After the visitor center, I explored the west end of the park, and found "Queen Wilhelmina's Windmill" and the "Dutch Tulip Garden," which are right next to the restaurant. I also found a very nice stone circle just into the park a short way, so I hung out there for a bit, until I got really cold, and headed back. They had a full relief map of the park in the visitor center, and I noticed that the east end of the park is much higher than the west end. This means that biking from Haight St. on the east end to Ocean beach on the west end is a piece of cake. Biking back is less easy, and I was really tired and freezing cold by the time I got to Haight St, so I stopped in at The Alembic bar and had a hot toddy with cognac. I'd been meaning to check this bar out for a while anyway, since it is famous for specializing in vintage cocktails and having a huge selection of fine liquors.
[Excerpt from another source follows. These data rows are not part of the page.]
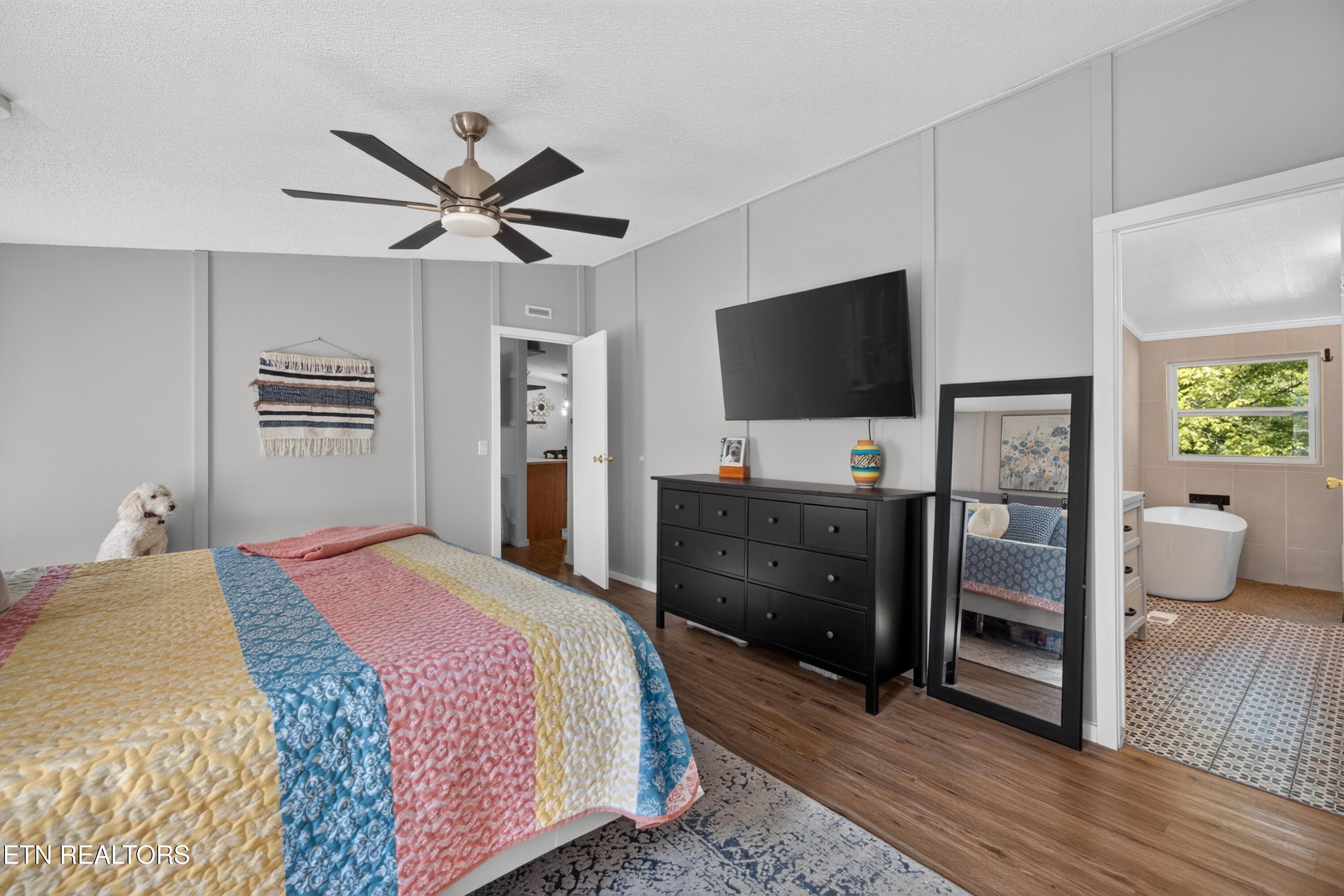267 Pine Ridge Road Clinton TN 37716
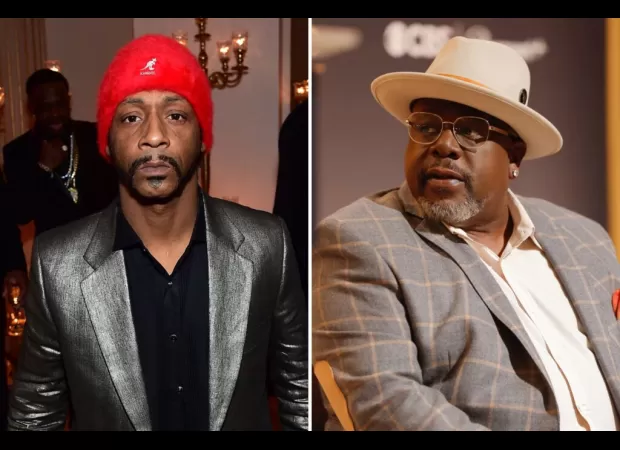 Katt Williams claims Cedric stole his joke, doubling down on his accusation.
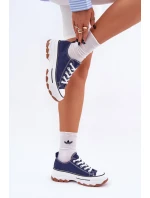 Tenisky model 206798 Step in style Tenisky model 206798 Step in style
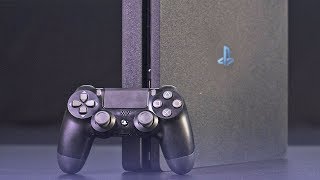 PlayStation 4 - Стоит ли покупать в 2020?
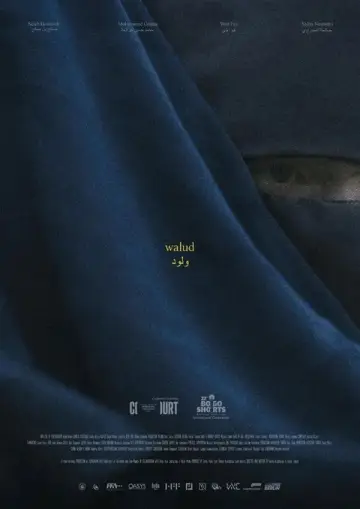 Poster to the movie "Walud" #1188316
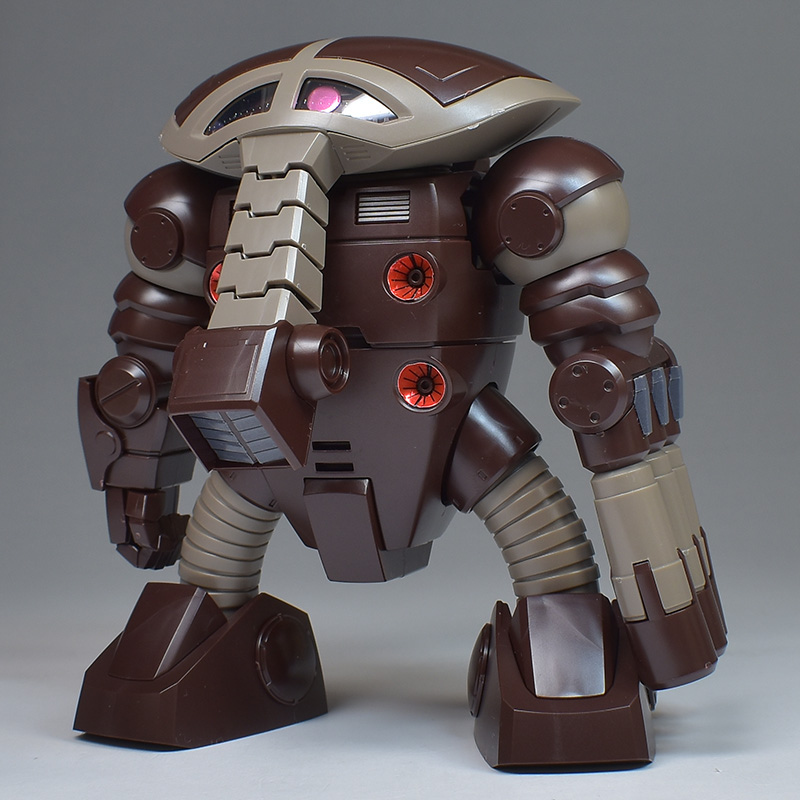 HG ジュアッグ（Ver.MSV） レビュー | ガンダムブログはじめました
They take mixocology very seriously there.

I was so tired and hungry by the time that I got home, that I devoured an entire container of hummus and crackers, and then right to bed even though it was only 9 o'clock. My legs were so tired this morning. I can't believe how much I used my body this weekend, between dancing all night on Friday, more dancing at the kirtan on Saturday, a very intense yoga class on Sunday morning, and then biking all the way to ocean beach on Sunday afternoon. It's nice to feel myself getting in better shape and having more energy.